Salvation in Christianity - Wikipedia
Christian tradition has explained sin as a fundamental aspect of human existence, brought about by original sin—also called ancestral sin,[d] the fall of man stemming from Adam's rebellion in Eden by eating the forbidden fruit from the tree of knowledge of good and evil.[7] Paul espouses it in Romans 5:12–19, and Augustine of Hippo popularized it in the West, developing it into a notion of "hereditary sin," arguing that God holds all the descendants of Adam and Eve accountable for Adam's sin of rebellion, and as such all people deserve God's wrath and condemnation—apart from any actual sins they personally commit.[8]
I think of it this way -
the children of nobility are nobility and have a share of the inheritance
the children of slaves are slaves
rather than 'holding all the decendants of Adam and Eve accountable"

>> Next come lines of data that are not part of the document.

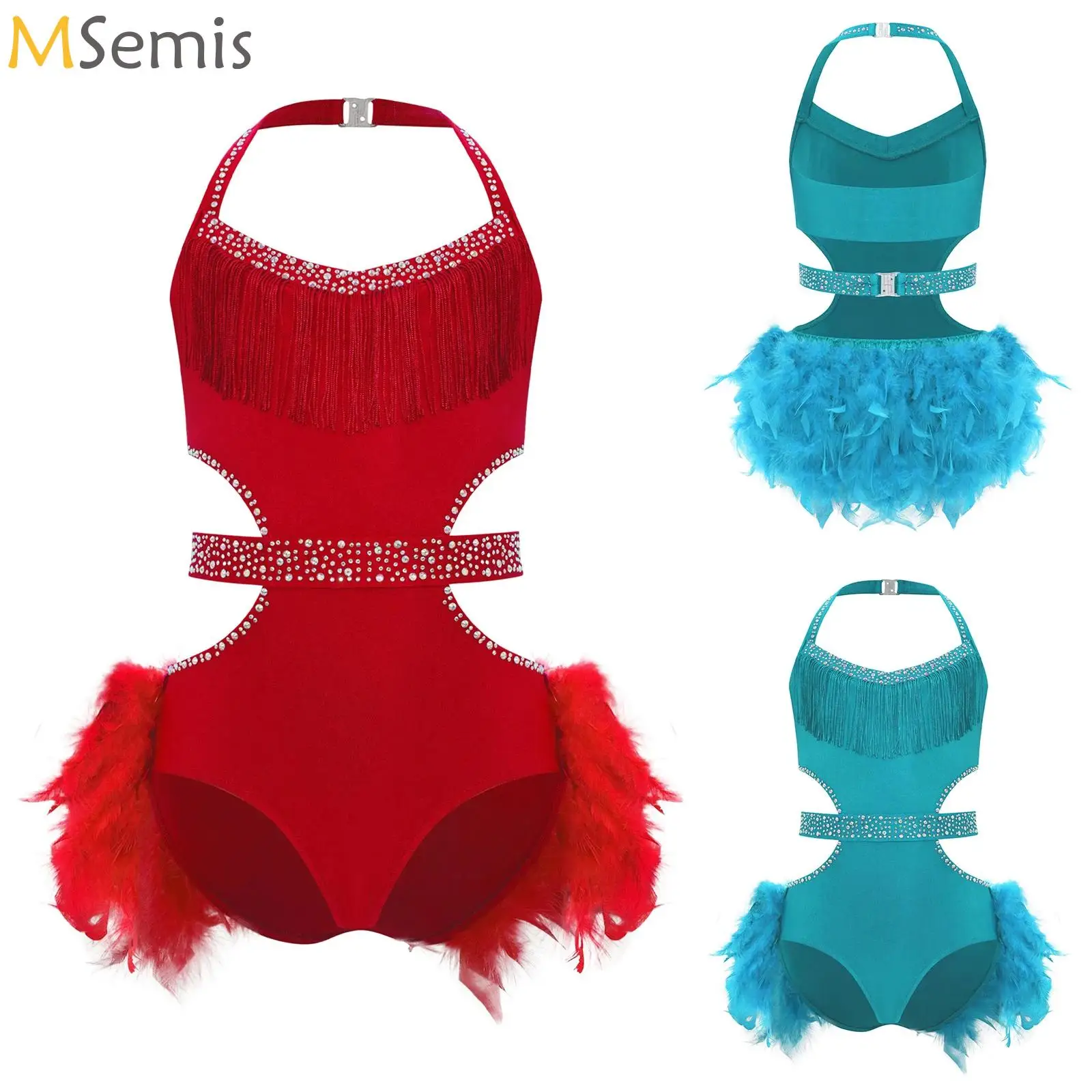 

New Feather Latin Dance Dress Girl Kids Sleeveless Cutout Leotard Dresses For Dancing Sparkly Ballet Skating Performance Costume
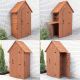 Leisure Season 45-inch W x 28-inch D x 83-inch H Medium Brown Cypress Multi-Compartment Shed w/ Drop Table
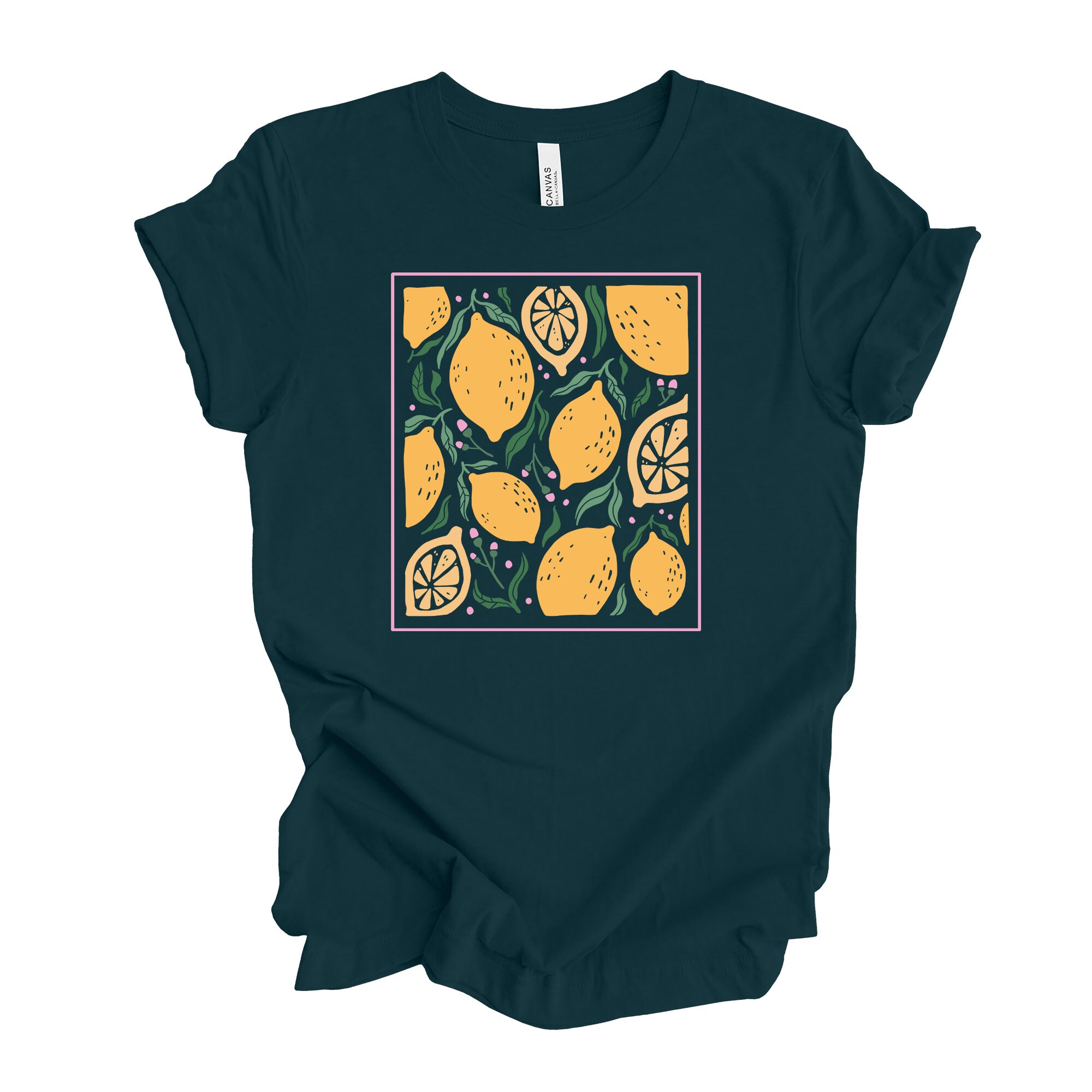 Lemon Tee, Cute Lemon Pattern, Lemons in a Square Design on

I think it was more that they sold themselves from the nobility of God's family into the slavery of sin. Signed away the deed
by the act of rebellion in the Garden
God isn't out to dmn everyone
He just wants us back
Christ's sacrifice is a demonstration of how much he wants us back.
Christ's crucifixion is a demonstration of how much we need to go back and what we have in us if we don't. Because apart from God, there really isn't
any difference between my nature and the nature of the ones calling for the death of a good man. We love good men. When they are convenient. But we tend to get rid of inconvenient things anytime we have the power to, sometimes in very ugly ways. And God tends to be VERY inconvenient to human nature.
Christ's resurrection is a demonstration that everything Christ said about both the human nature and his own divine nature and the difference between the two was true. God doesn't resurrect imposters, but does offer life and has it in his power to grant for those that repent and want to follow the Son, the door is now and forever more open. Been open for 2000 years. And apart from that door, there is no hope and never will be of being something different, of being what we were actually made to be. Something pleasing to God. Something for which we can say 'Thank God you made me into This through your Son'.
Reading Genesis again recently I was amused by something.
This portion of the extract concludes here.